*** RAW DATA ***

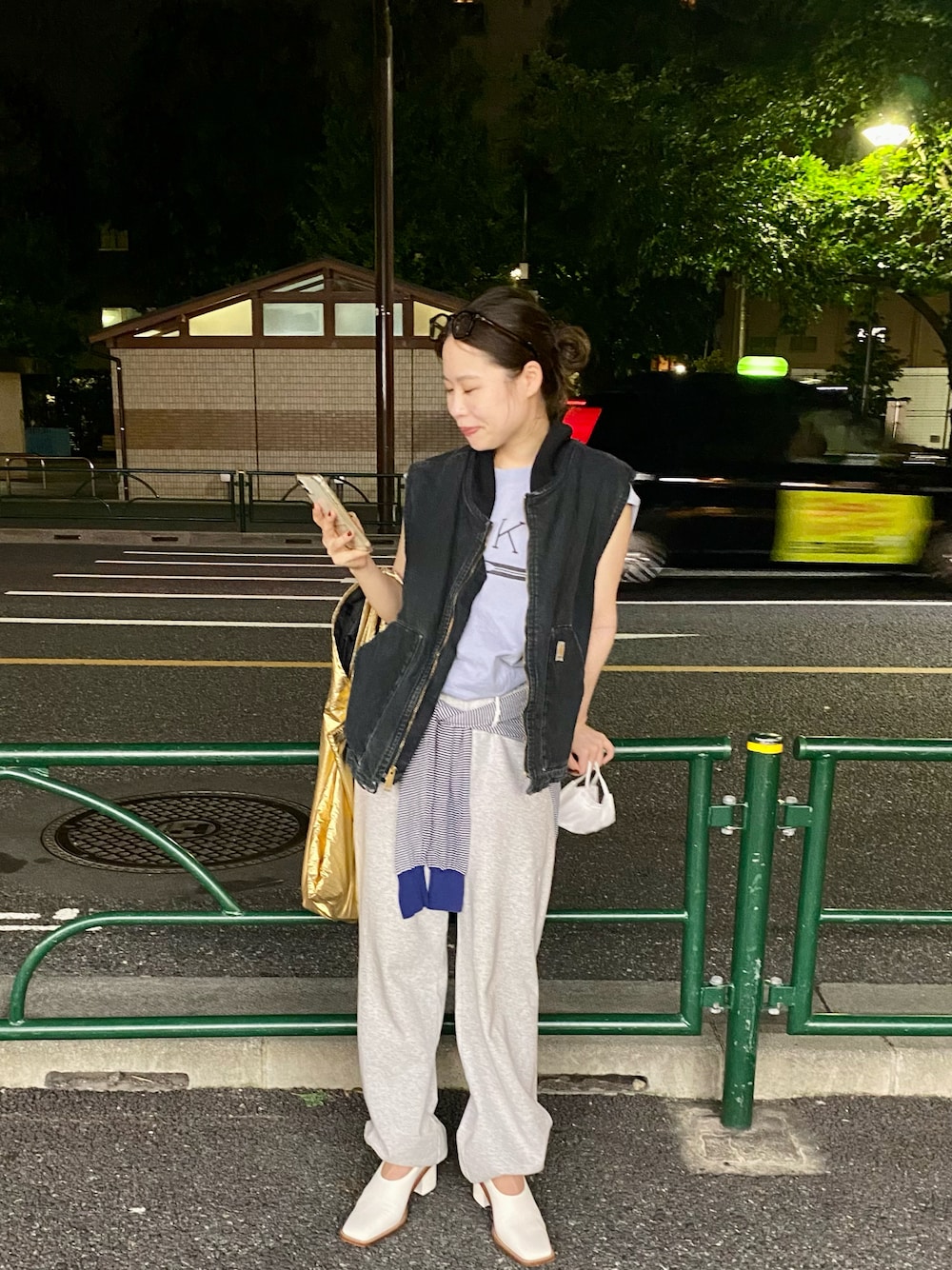 「メガネ女子、メガネコーデ、古着MIX、古着コーデ、ベスト、155cmコーデ」｜「Plan Cのアイテム（シューズ、ホワイト系）」を使った、sihoさん（レディース・155cm）の秋コーディネートの1枚目の写真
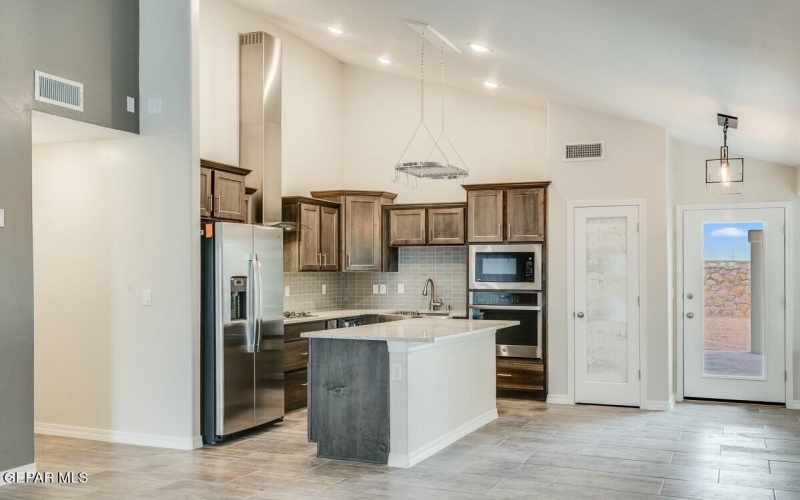 6064 Fall Ridge Street, Sunland Park, NM 88008, 4 Habitaciones Habitaciones , ,2 BañosBaños,Residential,En Venta,6064 Fall Ridge Street,0,935440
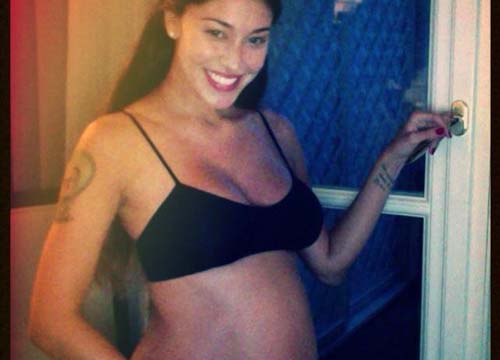 Belen e Stefano a letto: la foto che fa impazzire i fans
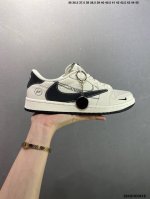 公司级Fragment X Travis Scott X Dior air Jordan 1 Low 三方联名倒钩 全新的三方联名低帮倒钩鞋面延续了黑脚趾设计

*** End of RAW DATA ***

**WORK INSTRUCTIONS**
Only the text of the listing above is wanted, transcribed exactly, without its images.

**WRITTEN ANSWER**
 「メガネ女子、メガネコーデ、古着MIX、古着コーデ、ベスト、155cmコーデ」｜「Plan Cのアイテム（シューズ、ホワイト系）」を使った、sihoさん（レディース・155cm）の秋コーディネートの1枚目の写真
 6064 Fall Ridge Street, Sunland Park, NM 88008, 4 Habitaciones Habitaciones , ,2 BañosBaños,Residential,En Venta,6064 Fall Ridge Street,0,935440
 Belen e Stefano a letto: la foto che fa impazzire i fans
 公司级Fragment X Travis Scott X Dior air Jordan 1 Low 三方联名倒钩 全新的三方联名低帮倒钩鞋面延续了黑脚趾设计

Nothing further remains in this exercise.